#### Given data:
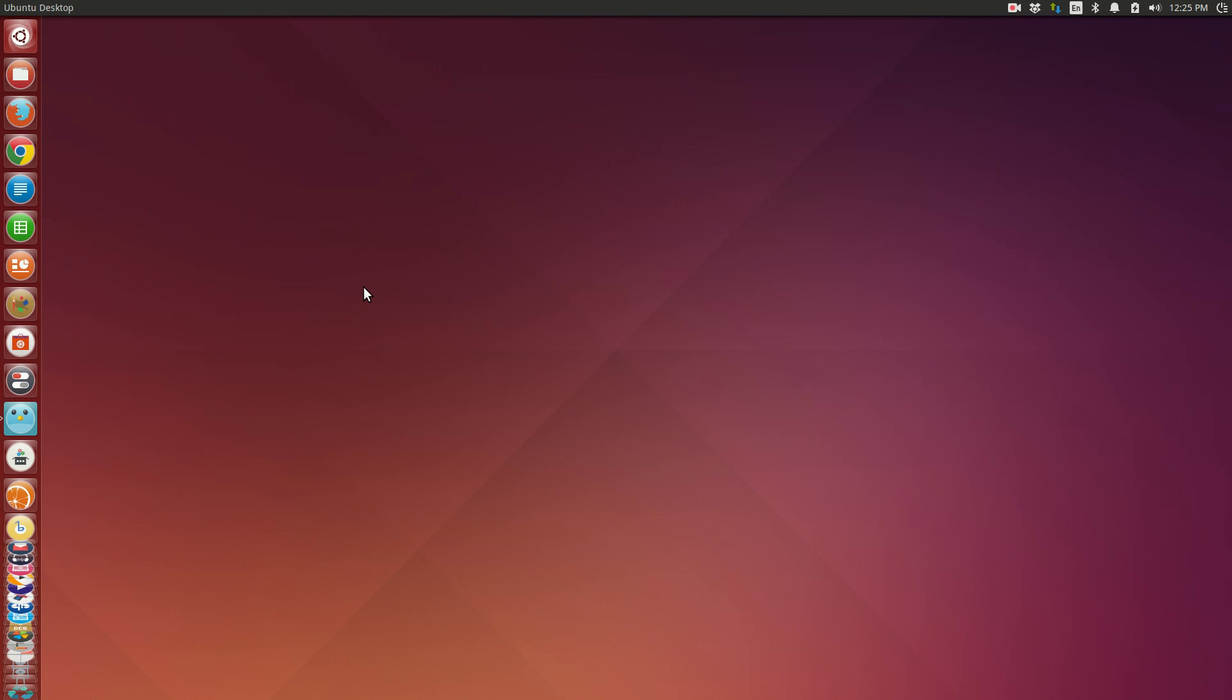Now because this is a long-term support release, Canonical are vying for stability here over features. But having said that, they still have included the features that I've talked about thus far, and I will be talking about more features that have come with this Ubuntu 14.04 release in the full review.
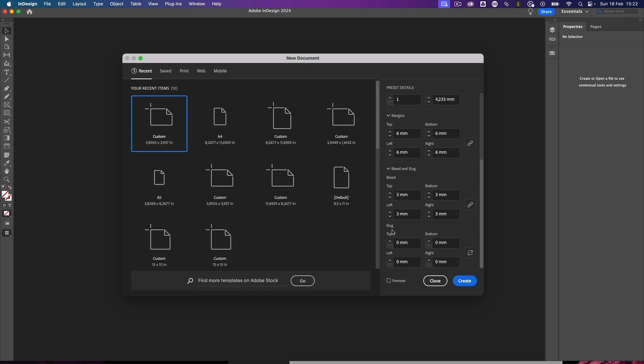Not as important as the slug area. Slug area is even outside the bleed area where we can put in some extra information for the printer to make sure that he's going to read that after the document is being printed, but I don't need any slug area outside of the bleed area. So this is by default my beautiful new document.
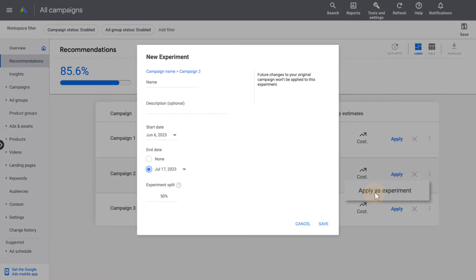A new experiment will be created including broad match keywords in your campaign setup. Simply name the experiment and confirm the remaining settings, and now you are all set to test.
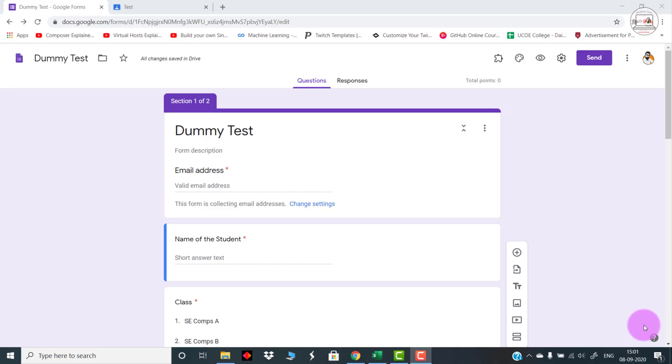Hello viewers, welcome back to my channel. In this video, I'm going to show you how we can create online tests which will be having some timers installed in it. We can take the test either in a synchronous fashion or in an asynchronous fashion.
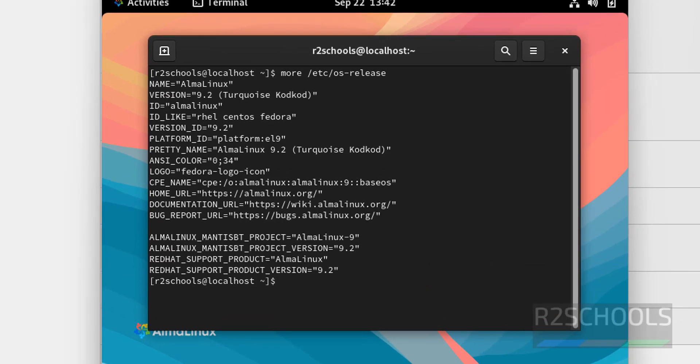So in this video we have seen how to download and install AlmaLinux OS 9 on VirtualBox. For more videos, please subscribe my channel. Thank you.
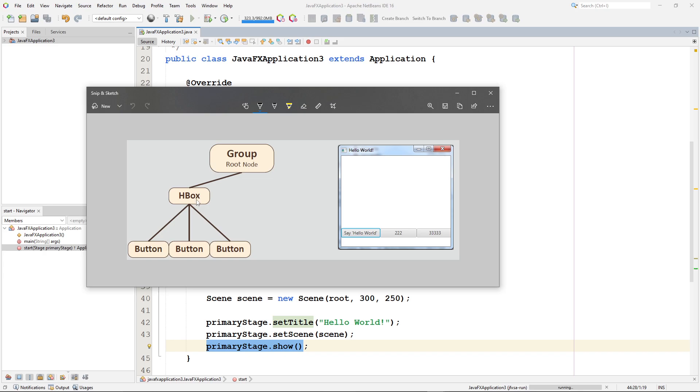So in the next video, we're going to look at the group as a root node. And see how we can use that. Because that kind of lets us place things wherever we want to place them.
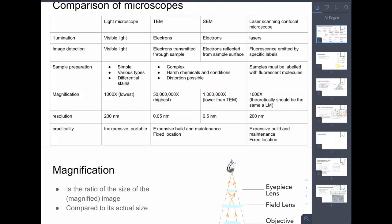With the electron microscopes, because electrons have shorter wavelengths, the resolution can be much higher. The transmission electron microscope has the highest resolution — the shortest distance it can discriminate between. The scanning electron microscope also has high resolution, but not as high as the transmission electron microscope.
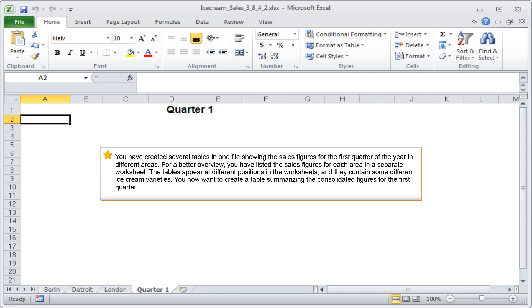You have created several tables in one file showing the sales figures for the first quarter of the year in different areas. For a better overview, you have listed the sales figures for each area in a separate worksheet. The tables appear at different positions in the worksheets and they contain some different ice cream varieties. You now want to create a table summarizing the consolidated figures for the first quarter.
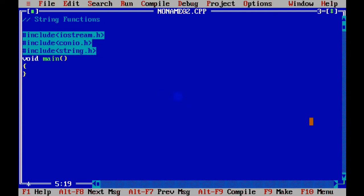This is Anjali and in this video I'm going to explain how to use string functions in C++. To use string functions, we have a header file named string.h, so you need to include that header file with the other header files you need in your program. We can use the functions defined in the header file in the program below.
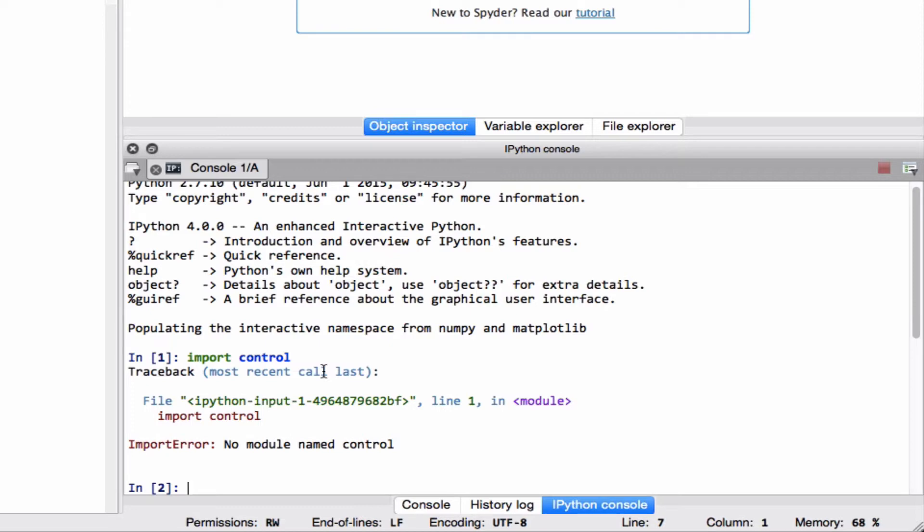And then that'll make it work in Spyder in kind of a hackish way. Then I'll make a second video that shows how to completely uninstall Spyder and then reinstall Spyder from source using Homebrew.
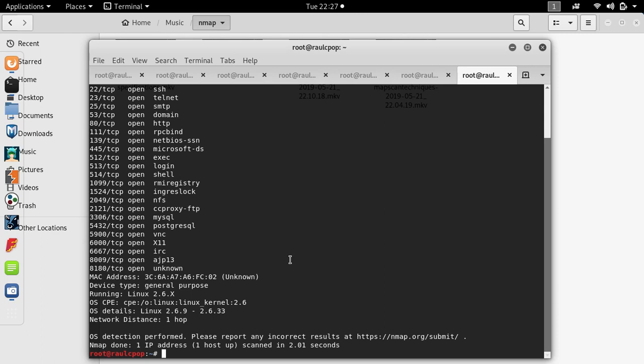And you want to use timing options. You can use -T1, which is the slowest option, and -T5 is the faster option.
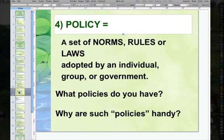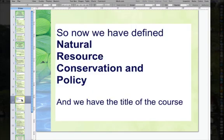Policy. The word policy means a set of norms, rules, or laws adopted by an individual, group, or government. You might have a personal policy where you don't take a class before 9 a.m., or a policy that you don't buy things over the telephone. If you tell people 'I have a policy I don't buy things over the telephone,' they stop — whereas saying 'I don't like to' might invite argument. That word 'policy' just stops them. One key thing about having a policy is that it implies you're going to treat all such cases the same — it's not negotiable. So now we have defined Natural, Resource, Conservation, and Policy — the title of the course.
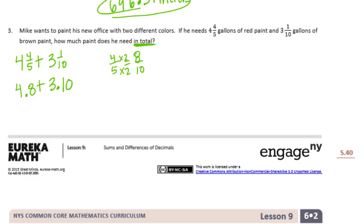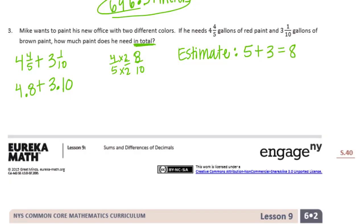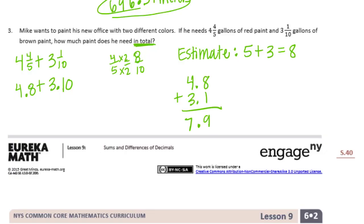If I wanted to estimate, I would round 4 and 8 tenths to 5, plus 3 and 1 tenths gives 3, so my estimate is 8. And if I actually add them — 4 and 8 tenths plus 3 and 1 tenths — we get 7 and 9 tenths, which is very close to 8. That would be 7 and 9 tenths gallons.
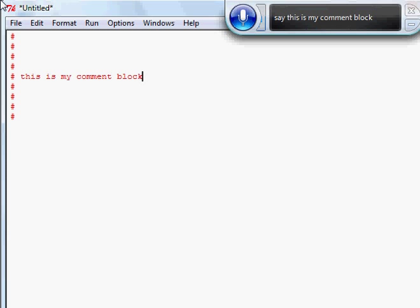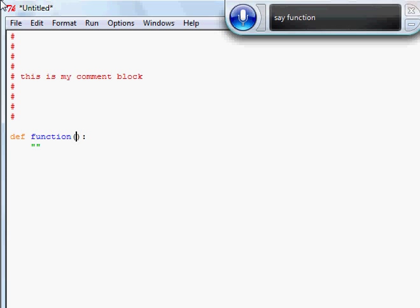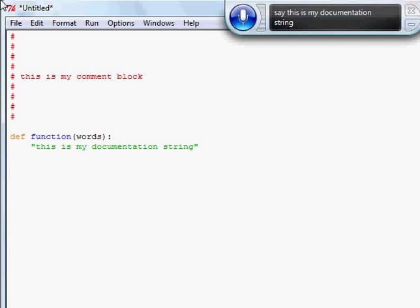Doc add. Insert function. Say function. Say words. Down left. Say: this is my documentation string. End, enter. Say print words.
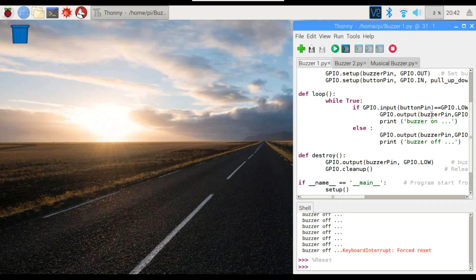It's really simple. I'm not going to go through this in too much detail. Pretty much all we're doing is waiting for a button press, turning the buzzer on and turning the buzzer off when the button's released. So let's run this one.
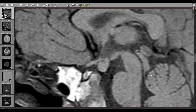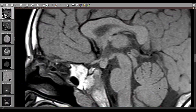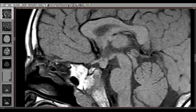These are the sagittal T1-weighted images. This is the optic chiasm, mammillary body, region of the hypothalamus, the pituitary gland inside the sella, the stalk. We see that there's a rounded T1 iso-intense lesion between the optic chiasm and mammillary body arising from the floor of the hypothalamus.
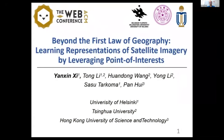I am Yan Xinxi from University of Helsinki. It is my honor to introduce our work about satellite imagery representation learning by leveraging point of interest.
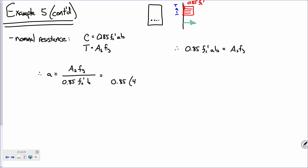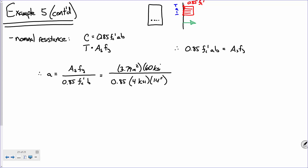FC prime is 4 KSI, B is 14 inches for our trial design, AS is 3.79 square inches, and FY is 60 KSI. Plug and chug, and that gives you a = 4.777 inches.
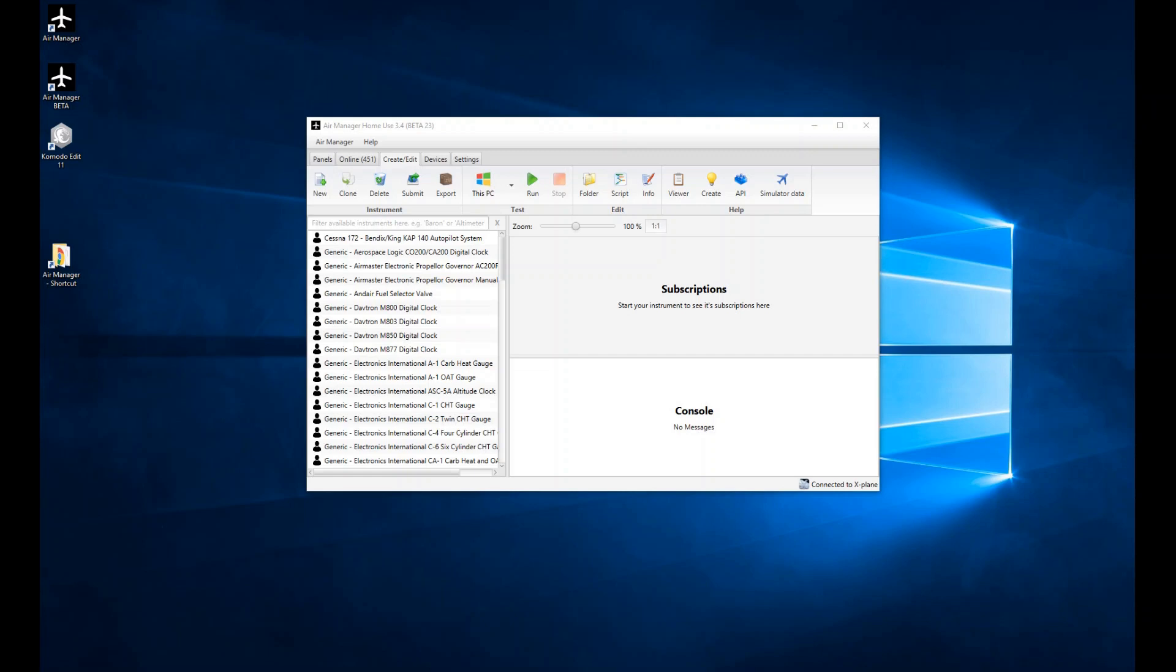Hi, welcome to the AirManager API tutorial video series. I said in the introduction video that we'd be getting into coding pretty much straight away, but there were a couple of things I forgot to consider in terms of setting up. So this video is not going to involve any coding, but we're just going to look at the Create Edit tab and explain some of its features and how to start, open, and create an instrument from scratch.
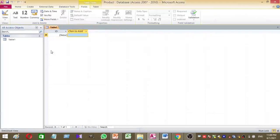This is my database and my database name is product. I'll add this database to my Google Drive and add the link under the description section. If you like, you can download my sample database and check how it works.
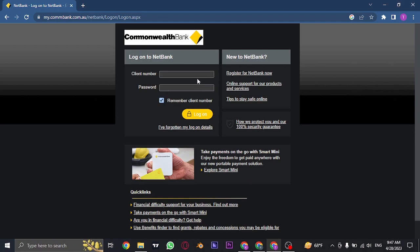So once you fill in both of these information, click on log on and you will be successfully logged in to your Commonwealth Bank or NetBank.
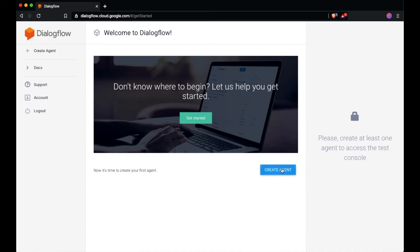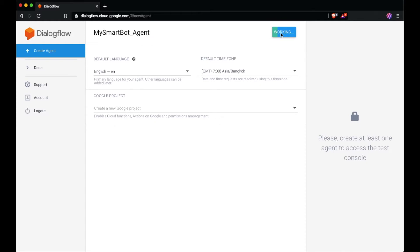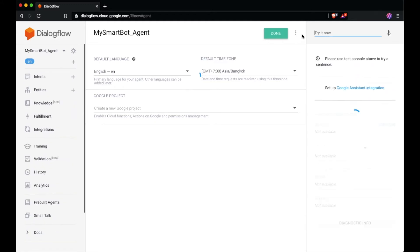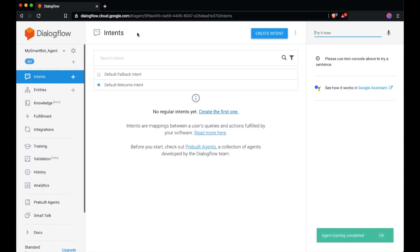After that, you need to click on 'Create Agent' right here. You need to put in an agent name, for example 'My Smart Bot.' Now you have My Smart Bot. What you need to do next is integrate this framework to your chatbot.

#### Directions for this task:
Write out each line of the data above exactly, starting at the top and finishing with the line containing "You have created"; omit the pictures.

#### Answer section:
Now because this is a long-term support release, Canonical are vying for stability here over features. But having said that, they still have included the features that I've talked about thus far, and I will be talking about more features that have come with this Ubuntu 14.04 release in the full review.
Not as important as the slug area. Slug area is even outside the bleed area where we can put in some extra information for the printer to make sure that he's going to read that after the document is being printed, but I don't need any slug area outside of the bleed area. So this is by default my beautiful new document.
A new experiment will be created including broad match keywords in your campaign setup. Simply name the experiment and confirm the remaining settings, and now you are all set to test.
Hello viewers, welcome back to my channel. In this video, I'm going to show you how we can create online tests which will be having some timers installed in it. We can take the test either in a synchronous fashion or in an asynchronous fashion.
So in this video we have seen how to download and install AlmaLinux OS 9 on VirtualBox. For more videos, please subscribe my channel. Thank you.
So in the next video, we're going to look at the group as a root node. And see how we can use that. Because that kind of lets us place things wherever we want to place them.
With the electron microscopes, because electrons have shorter wavelengths, the resolution can be much higher. The transmission electron microscope has the highest resolution — the shortest distance it can discriminate between. The scanning electron microscope also has high resolution, but not as high as the transmission electron microscope.
You have created several tables in one file showing the sales figures for the first quarter of the year in different areas. For a better overview, you have listed the sales figures for each area in a separate worksheet. The tables appear at different positions in the worksheets and they contain some different ice cream varieties. You now want to create a table summarizing the consolidated figures for the first quarter.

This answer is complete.